ACTIVITY: Which lines run from the line with "MightyAaron66 live sex cam" to the end of the entries? Write out exactly those, leaving out the pictures.

Captioned web image data

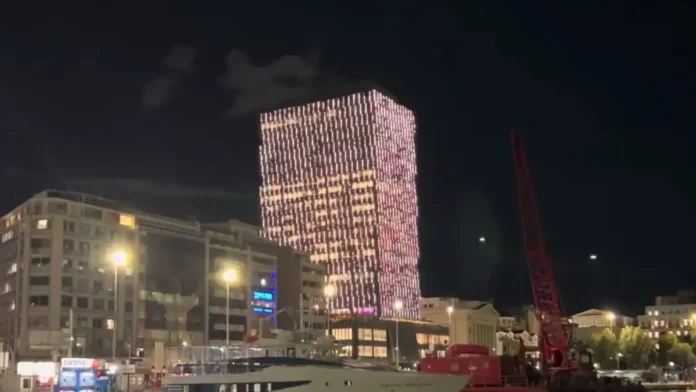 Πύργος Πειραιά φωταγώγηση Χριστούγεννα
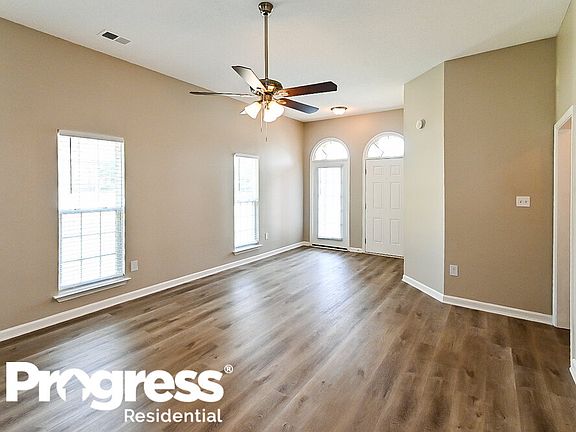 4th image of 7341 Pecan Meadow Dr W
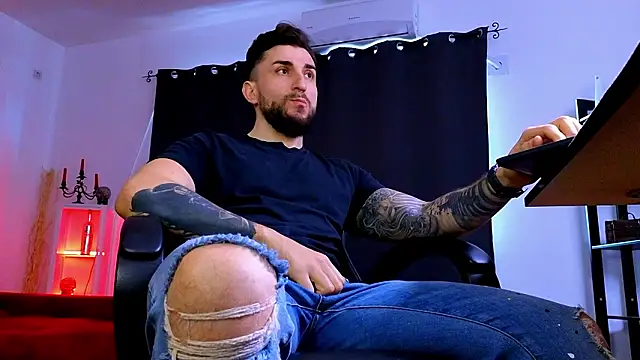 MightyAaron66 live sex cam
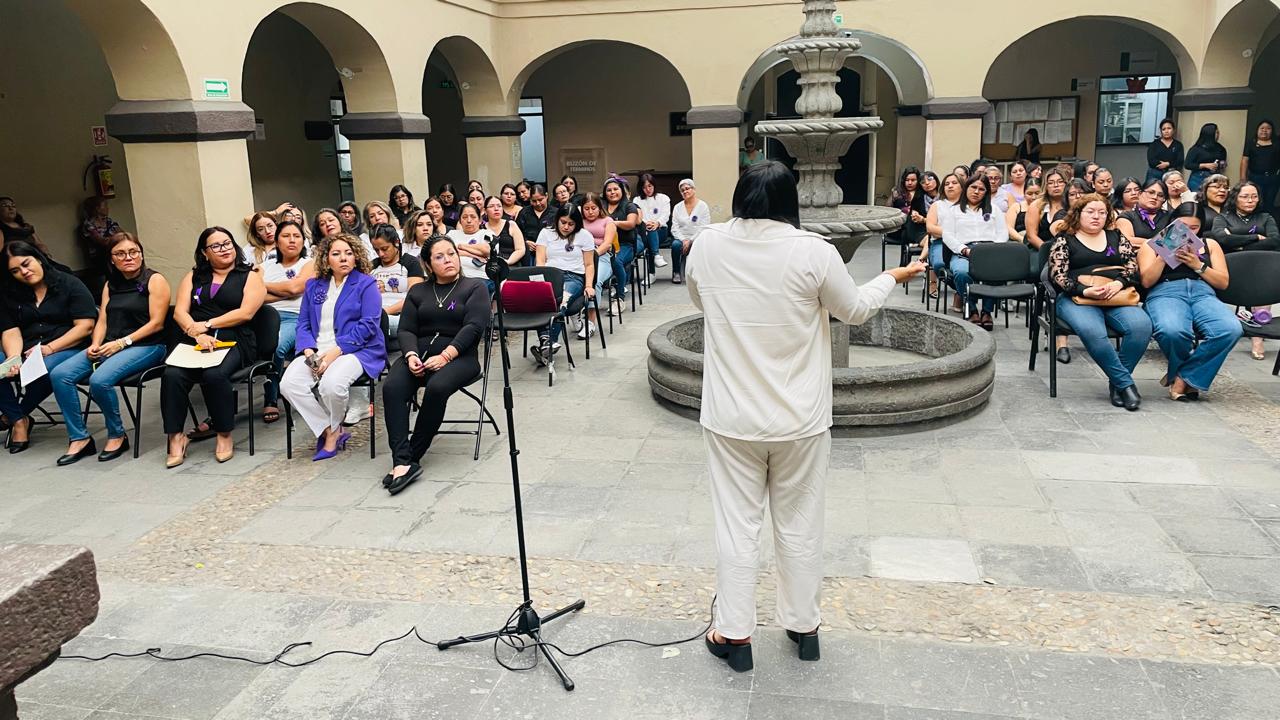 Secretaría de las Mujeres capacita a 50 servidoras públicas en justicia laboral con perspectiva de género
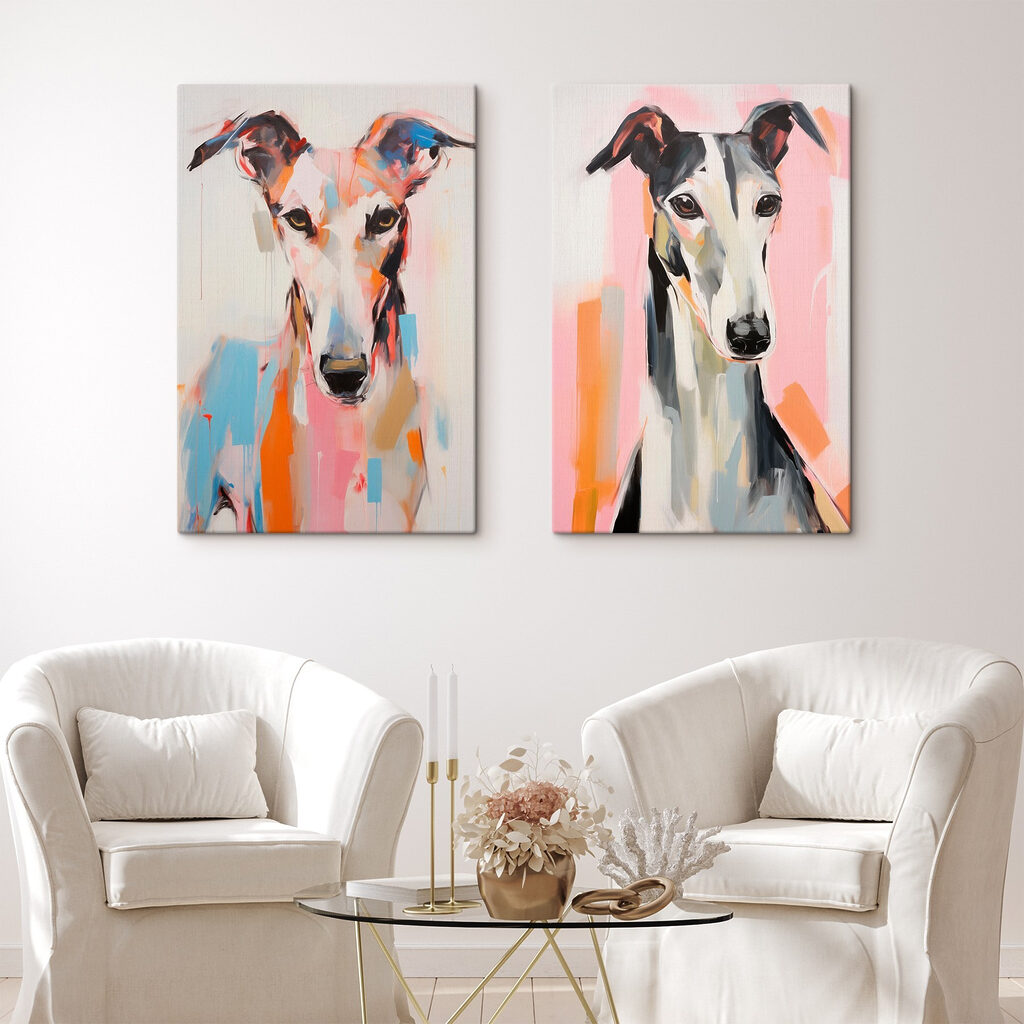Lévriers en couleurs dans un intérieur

ANSWER BELOW:
 MightyAaron66 live sex cam
 Secretaría de las Mujeres capacita a 50 servidoras públicas en justicia laboral con perspectiva de género
Lévriers en couleurs dans un intérieur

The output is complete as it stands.